Je me rappelle comme si c’était hier mes études supérieures à Yale, dans les jours grisants et tumultueux qui suivirent immédiatement le concile de Vatican II. Nombre de jeunes catholiques, prêtres, religieux et laïcs, entreprirent des études doctorales en théologie dans une université non-catholique – une des innombrables innovations postconciliaires.
Un de mes professeurs, un luthérien convaincu, très respectueux de la tradition catholique, donna cet avertissement amical. Il dit (ou à peu près) : « Je prie pour que l’Eglise catholique ne soit pas destinée à répéter en l’espace de vingt ans les mêmes erreurs qui nous ont demandé à nous protestants 200 ans pour les faire. » Il faisait référence bien sûr au protestantisme libéral dont le nadir fut magistralement résumé par H.Richard Niebuhr, pendant trois décennies professeur à Yale : « un Dieu sans colère a conduit des hommes sans péché dans un Royaume sans jugement par les soins d’un Christ sans croix. »

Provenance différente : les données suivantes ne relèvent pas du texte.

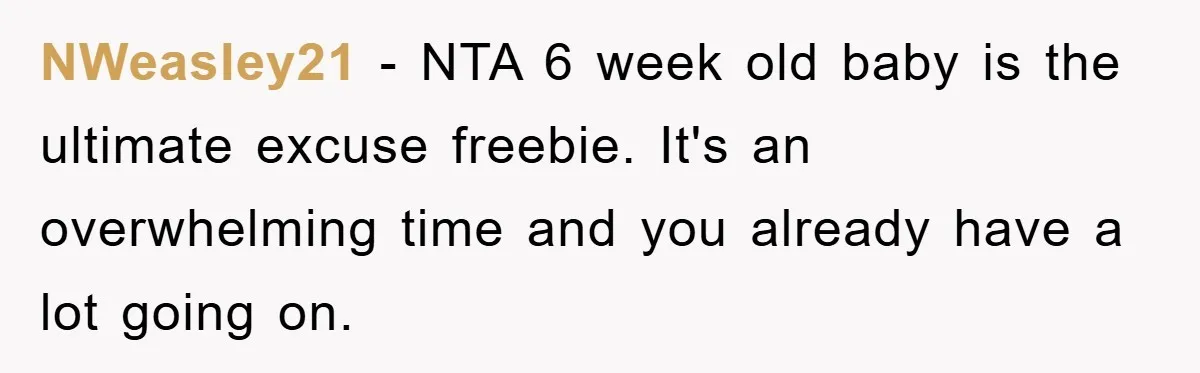NWeasley21 − NTA 6 week old baby is the ultimate excuse freebie. It's an overwhelming time and you already have a lot going on.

Un récent article de The National Catholic Reporter a fait affluer tout cela à la mémoire. L’auteur, Jim Purcell, fut ordonné en 1965, l’année de la clôture du Concile, et quitta le ministère ordonné en 1973. Il alla travailler pour Catholic Charities [réseau catholique d’agences pour l’aide aux pauvres et aux malades, NDT] et comme vice-président de Santa Clara University. Il est actuellement membre du bureau de NCR (National Catholic Reporter, NDT)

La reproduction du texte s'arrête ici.